WHAT IS A “CORE WORKOUT” ANYWAY?

A good core workout works a lot more than just your ab muscles.

When I talk about the foundation for your core, I’m not referring just to the intri­cate musculature beneath your abs. Your glutes and hamstrings are also involved. These muscles are traditionally categorized as “lower-body” muscles, but they serve a dual function in helping to stabilize and move the pelvis, which makes them part of the core. In fact, any muscle that is attached to either the pelvis or the spine is tech­nically part of the core. Add to the major muscle groups all of the smaller, deeper muscles in this area, and the count of how many muscles are in the human core eas­ily reaches into the hundreds. If your core strengthening routine is based solely on crunches, you’re neglecting 95 percent of your core musculature.

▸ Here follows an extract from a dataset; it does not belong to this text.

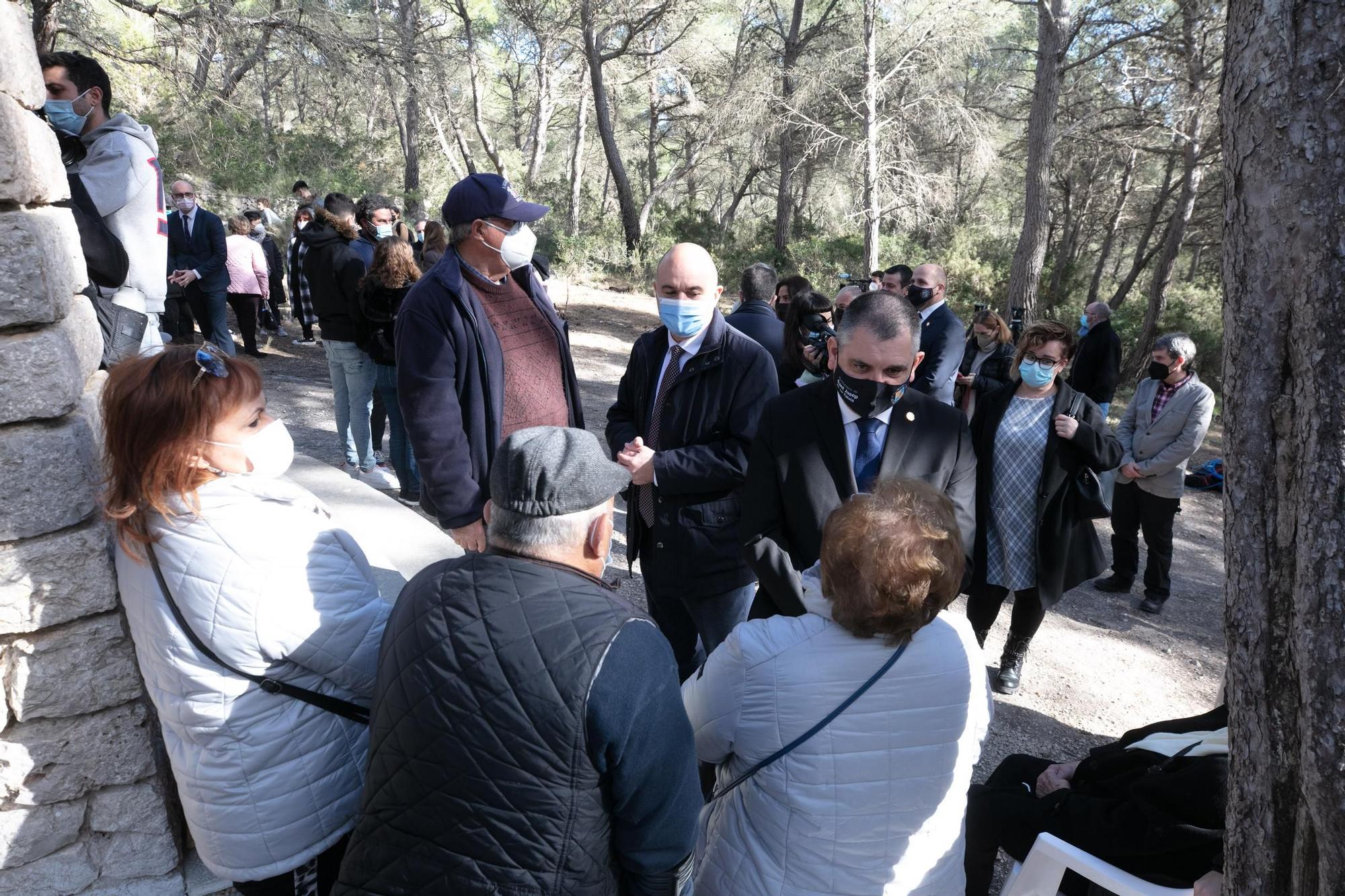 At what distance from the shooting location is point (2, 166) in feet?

When a large percentage of your core muscles is routinely ignored, it creates a muscular imbalance in which a muscle or group of muscles becomes tight and overactive, therefore causing a neighboring or opposing muscle to become weak and underactive.

Overworking one core muscle group will weaken the others.

Core imbal­ances are problematic because our muscles control our joints and bones, and when a certain muscle is doing too much work, it will start to pull the bones and joints it is attached to into uncomfortable positions.

Focusing on only a few core muscles can lead to poor posture (which makes your tummy stick out) and injuries (which will inhibit you from being able to work out). Build a solid foundation for your core with a well-rounded core routine, and you will accomplish the dual goals of looking good while being strong and pain-free.